I got it. Did I ever get it – it was extremely explicit. The path to take became clear, as did the urgency to take it.

A new ritual to create and do

The first major step on that path involves a ritual. Now, I love ritual. Public ritual, small group ritual, private ritual – I love it all. And I consider myself a very good ritualist – it’s a point of confidence and pride. I had 12 days to get ready for this ritual… and also to get ready for Samhain, and teach my online class, and do a virtual presentation for a retreat, and keep up with my paying job, and, well, you get the picture. It’s a big job, but I was confident I could do it. It’s a ritual, and I’m good at ritual. Samhain would be an auspicious time for this – I wanted to do it then.

I got the ritual outline done quickly. I filled in most of the outline in the first week. I planned to finish it on Friday, do a walk-through rehearsal on Saturday, and do it on Sunday night. All very doable – I’ve done more in less time on many occasions.

Running out of time

But then I had a minor crisis pop up on Thursday night. I got it under control, but I was in no frame of mind to even think about a ritual. Then my paying job was busier than expected on Friday. When that was out of the way I started writing, but the words weren’t coming. A short walk brought some of them to me, but a key segment was still just a concept. No problem – I’d finish it on Saturday morning, before I went to Denton for our public Samhain ritual.

On Saturday morning it hit me: I wasn’t going to be ready for Sunday night. It wasn’t just the writing time – a good long walk would bring the rest of the ritual to me. It was also getting my mind and my soul in the right place to do the ritual on Sunday.
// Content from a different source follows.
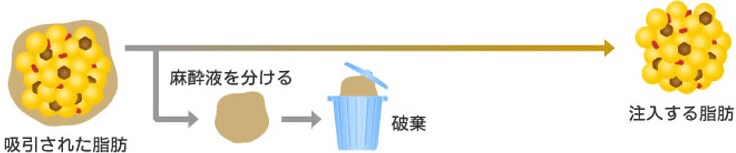 通常の脂肪注入説明イラスト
I couldn’t go from paying work to public ritual to deep private ritual like closing one browser window and opening another one. I needed downtime in between them.

I could power through and do it anyway, or I could postpone it to the next auspicious date: the November Full Moon on November 18.
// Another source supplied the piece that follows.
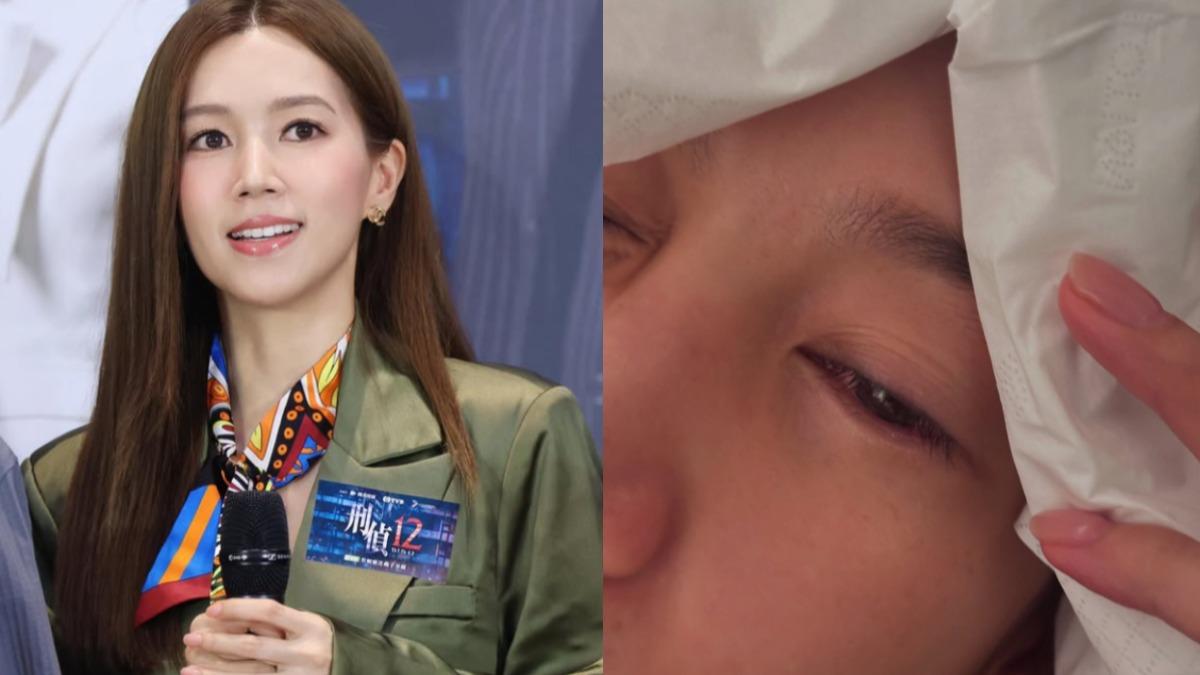 女星換衣服「割傷眼角膜」!傷勢惡化 送急診暴哭:痛到無法形容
Keeping schedules and commitments

I have a deep concern with time and punctuality, one that often crosses the line into an unhealthy obsession. Either it’s the result of some long-forgotten childhood trauma (which I doubt – I remember all my childhood traumas, in all their gory details), or it’s just part of who I am.

On one hand, this often causes me needless stress. On the other hand, it’s helped me accomplish a lot over the years. More than that, it’s a form of keeping my word: if I say I’m going to do a certain thing by a certain time, then I want to make sure I actually do it. Yes, “life happens” but casual plans are one thing – sacred commitments are something very different. The Gods – or at least, the ones I work with and for – aren’t big on extenuating circumstances. Do or do not, there is no try.

“It will happen when it’s meant to happen”

No.

This is a cliché designed to be a ready-made excuse for giving up when thing get hard.

It will happen when you make it happen.

On the question of fate vs. free will, I come down hard on the side of free will. Whether we have free will or not, we are far better off ordering our lives as though we do. If you believe you have free will you are more likely to take action, and if you take action you’re more likely to make your life better.

Not everything is within your control and life is often unfair and unjust – don’t blame the victim, whether that’s someone else or whether that’s you. But when something is within your control, just do it.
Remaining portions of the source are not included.